Before I left my house-home and returned to my apartment-home in Charlottesville, I decided to survey my past. I did not know when I would be home again, at least not for an extended period of time, and I wanted to take something meaningful away from the walls that had surrounded me for 18 years.
The walls are stable, of course: They've held that house up for almost a century. They've only suffered minor cracks when additions were added - a sunroom here, a front porch there. They've stood strong when the house was raised 10 feet to protect the walls from water damage. They're good walls.
But I am more interested in what is on the walls than in how structurally sound they may be. I figured the easiest way to survey my past, to survey what inevitably affected me for so many years, was to see how much kitsch my mother could cram on to a stretch of wall space. It is ironic that my house used to have more walls. Sensing that things were too closed in, my mother made a suggestion - and my father obliged - and so the walls that separated our living room and dining room and kitchen and that middle place in between were all knocked out.
The irony lies in the fact that what wall space remains is covered with what I think my mother likes to think of as necessary family memorabilia. We can be closer as a family if we can see one another from across the house; we can be closer if by dragging our hands along the walls our fingers stumble across endless picture frames and bookshelves.
Walking from my kitchen to my "sunroom" - that's what you call a living room where the walls are made of windows - I measured a wall with my paces, about 22 feet. What could I gain in 22 feet? What could I learn about the first 18 years of my life in my house-home that would help me survive the next three years in apartment-homes? Pacing that 22 feet, I tripped over two chairs, one used as a stepstool in the kitchen and the other used as a temporary storage place for novels. I tripped over two cats, one used to catch rats in the barn and the other used as a foot warmer when my bed gets too cold.

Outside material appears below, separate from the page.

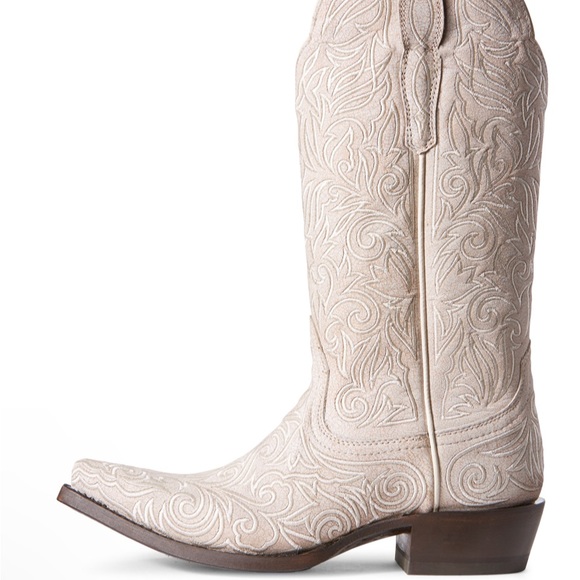 EUC White Ariat Sterling Boots - Picture 10 of 10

I ran into our faux fireplace, a stout gas stove with fake logs glowing orange in the winter, with a black pipe running into the wall going I'm not sure where. I sat down at the end of the 22 feet - which I was starting to think was far shorter than that - at a round table on a round stool. I looked at the wall space I had just covered. It starts with two framed photos, one of my sister and me and one of my brother. It continues and turns into a bookshelf set into the wall. The bookshelf is full, of course. My mother was an English major and she's been grooming her children to read, read, read for years. So we have a lot of books.
Amid the stacked books are picture frames. No two are alike because that would be boring and boring teaches you nothing about your past. There's a heavy silver frame, the metal leaves intertwined so the vines hug the photo of my grandfather when he was a boy. There is a blue wooden frame that holds a pencil sketch of my brother when he was about 6 years old; it actually looks like him, unlike those earnest but futile attempts made by artists at carnivals. I'm not sure who drew it. Above the book shelf is a sign that says "our stuff," which is accurately placed, like all signs in our house. "Joy" comes in three pieces and sits in front of books. "Wine" bends on hinges and moves around in the sunroom. "Home" is next to a family photo at the beach.

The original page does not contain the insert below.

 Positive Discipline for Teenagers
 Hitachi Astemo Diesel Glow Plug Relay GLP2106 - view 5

I used to think "our stuff" was tacky, and the way the block colors behind "S" and "ff" clash still makes me think it is. But "our" sounds like more than one, and I wonder if I can take this beautifully tacky wholeness back to my apartment-home. Is home really home if everything that has defined that word for so many years is not present in its new location?
I continued looking at the wall, my eyes finally resting on the collection of black and white photos above the round table. In the middle of these photos is a sign: "Home is where your story begins." It could be trite but isn't. Among the black frames housing simplified photos of my family's past - just black and just white, "home" appears to be boiled down to its basics. My favorite photos in this collection were not even taken at my house. There's the one with my mother in college, hair down her back, sitting on a beach. There's my grandfather smoking a pipe on a picnic table. My brother, sister and I sitting in an amusement park ride, smiling with our mouths closed because we didn't know how else to smile.
Maybe I'll be fine in my future apartment-homes, sans photos of my past. My grandfather passed away when I was 8, my mother graduated from college, well, a while ago and I now smile with my mouth wide open. Perhaps home is only the beginning. I can feel nostalgic, but this feeling won't hold me back. I won't really have to come home anytime soon for an extended period of time. My apartment's walls are plaster. They're very sturdy.
But I will come back. Because my very favorite picture on this wall was taken at home, on my dock. My sister and I might have been 4 years old and my brother 6 months. My sister is crying, holding her head and sitting in my mother's lap. My mother is smiling looking down at her. My father is stoic, wearing aviator sunglasses, holding my brother up. My brother is giggling. I'm standing in the middle of the two chairs, hands on the arms of both, my face utterly confused, yet utterly safe.
There's something comforting about the past. Maybe it's an excuse to shirk the responsibilities of the present and of the future, but I think I'm OK with that.